### WHAT TO WORK ON
Of the entries below, return only those lines from the line with "Zara Orange Ribbed" to the line with "Inner height increase", exactly, both included.

### TASK MATERIAL
.....

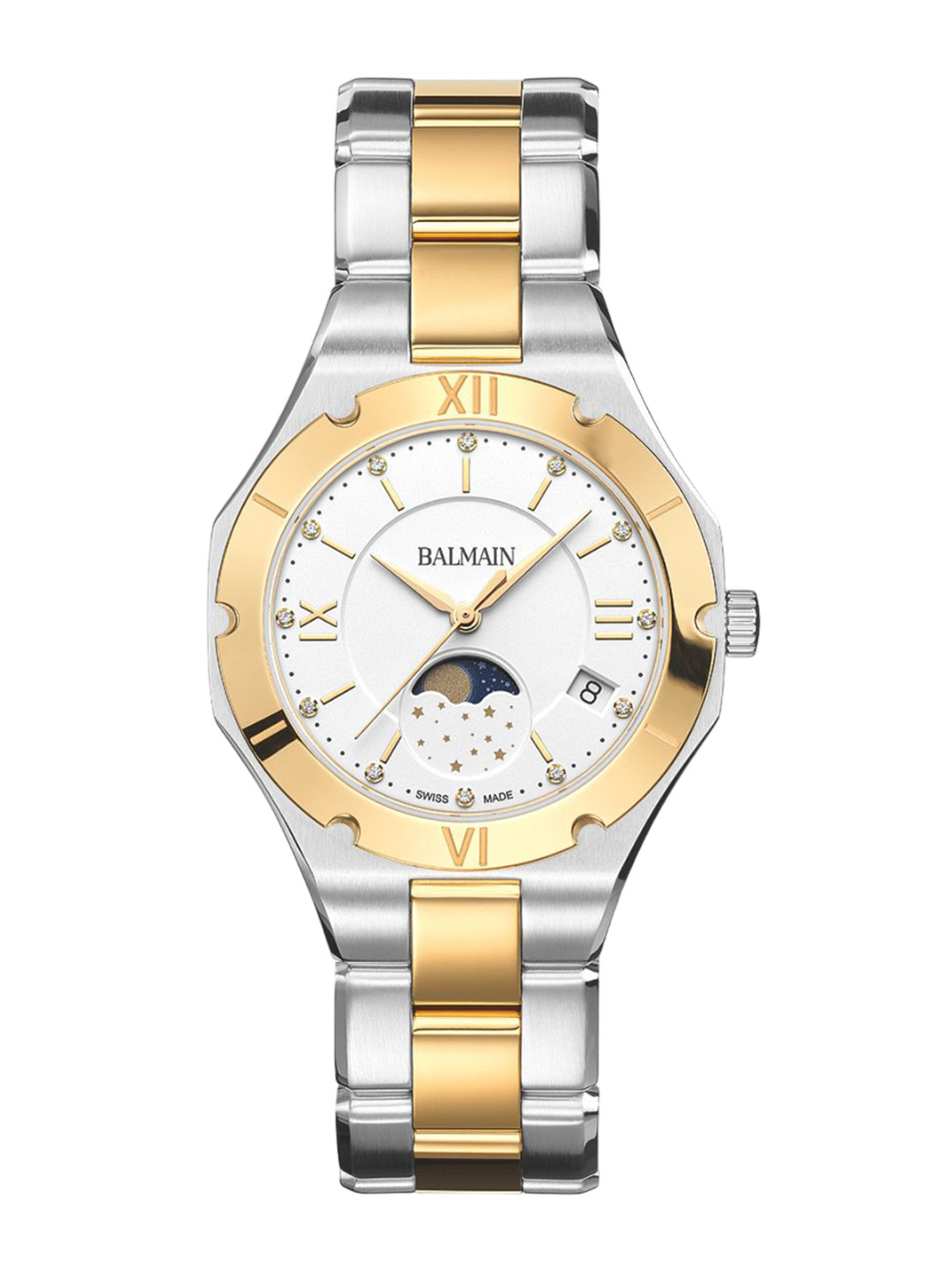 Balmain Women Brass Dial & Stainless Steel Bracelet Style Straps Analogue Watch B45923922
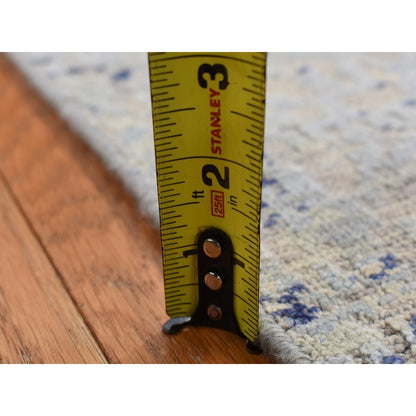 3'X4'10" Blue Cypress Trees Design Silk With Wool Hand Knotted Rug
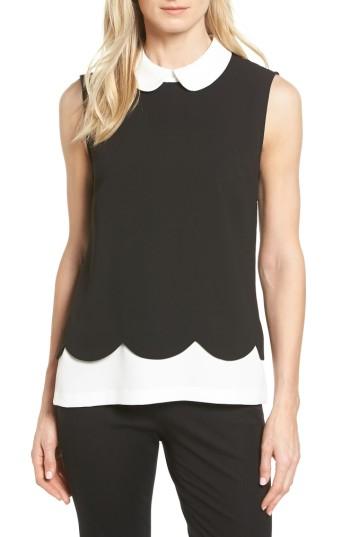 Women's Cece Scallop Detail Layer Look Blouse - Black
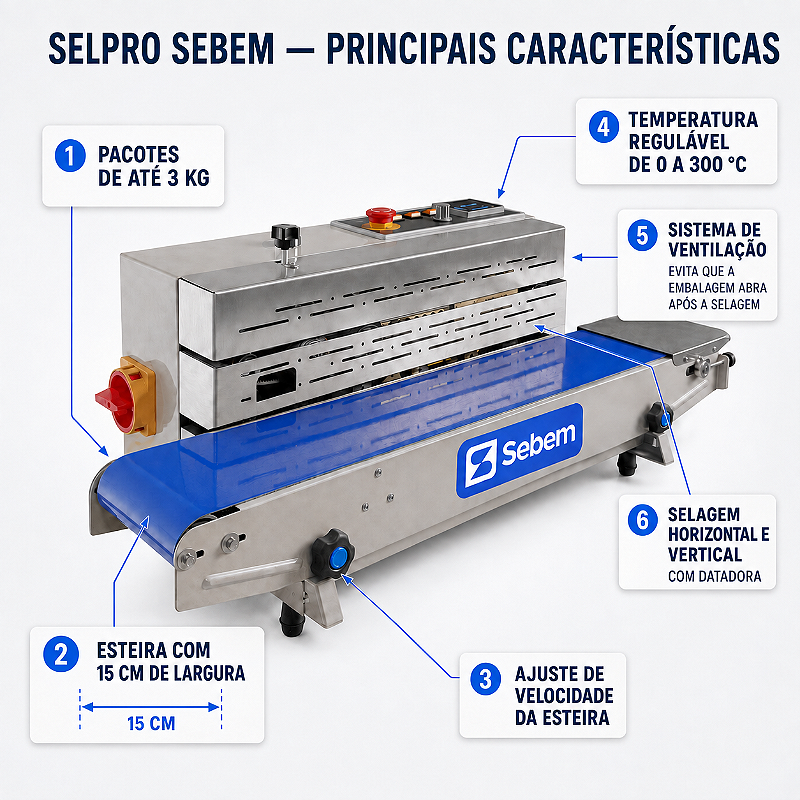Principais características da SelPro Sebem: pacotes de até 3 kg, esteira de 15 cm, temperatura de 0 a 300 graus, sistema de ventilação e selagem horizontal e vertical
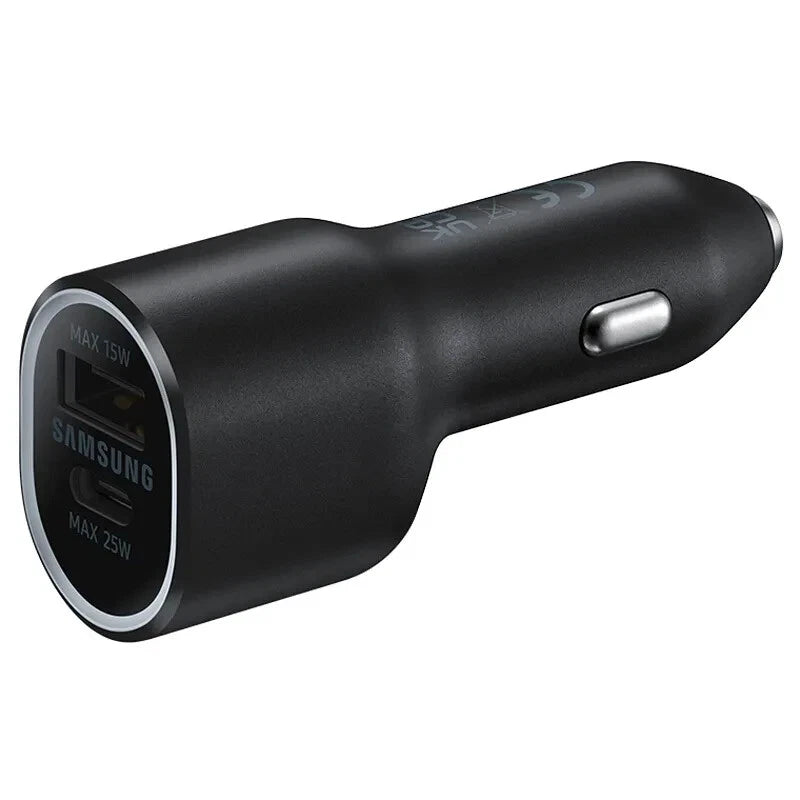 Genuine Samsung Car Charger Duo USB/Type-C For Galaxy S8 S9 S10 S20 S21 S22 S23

.....

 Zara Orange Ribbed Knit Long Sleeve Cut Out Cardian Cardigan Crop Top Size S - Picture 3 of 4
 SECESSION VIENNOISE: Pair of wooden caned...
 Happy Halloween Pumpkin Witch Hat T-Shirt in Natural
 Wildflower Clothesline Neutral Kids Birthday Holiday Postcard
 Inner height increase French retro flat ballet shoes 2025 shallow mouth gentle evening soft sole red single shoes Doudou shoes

.....

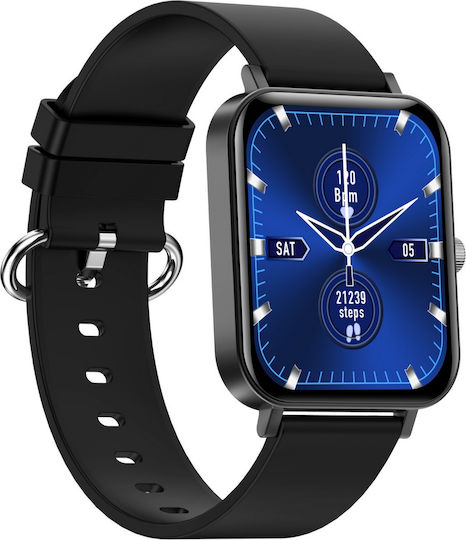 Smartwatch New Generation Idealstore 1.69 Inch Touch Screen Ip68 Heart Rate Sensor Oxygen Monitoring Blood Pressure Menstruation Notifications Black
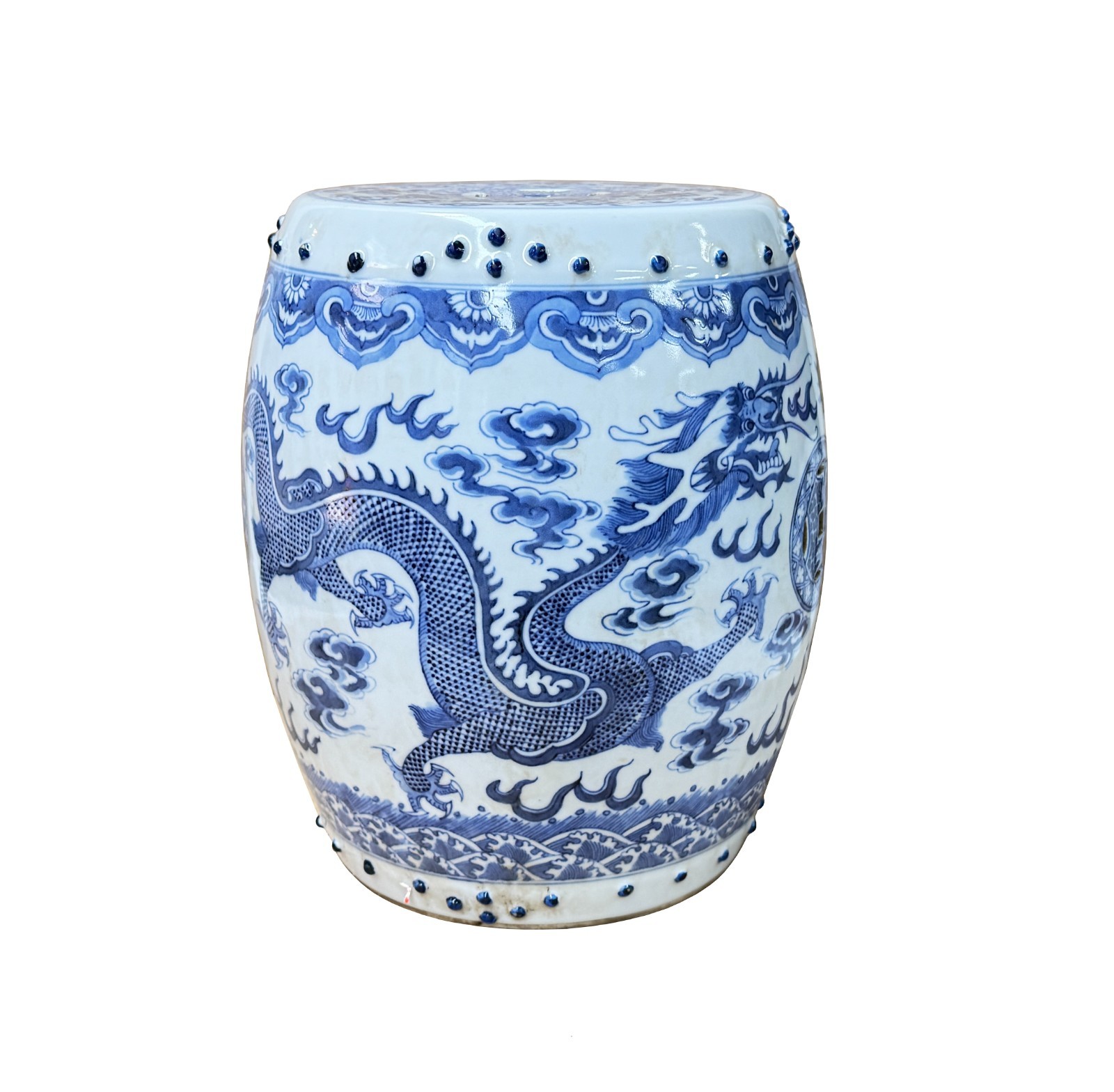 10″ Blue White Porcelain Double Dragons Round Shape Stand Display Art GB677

.....

### ANSWER TO THIS TASK
 Zara Orange Ribbed Knit Long Sleeve Cut Out Cardian Cardigan Crop Top Size S - Picture 3 of 4
 SECESSION VIENNOISE: Pair of wooden caned...
 Happy Halloween Pumpkin Witch Hat T-Shirt in Natural
 Wildflower Clothesline Neutral Kids Birthday Holiday Postcard
 Inner height increase French retro flat ballet shoes 2025 shallow mouth gentle evening soft sole red single shoes Doudou shoes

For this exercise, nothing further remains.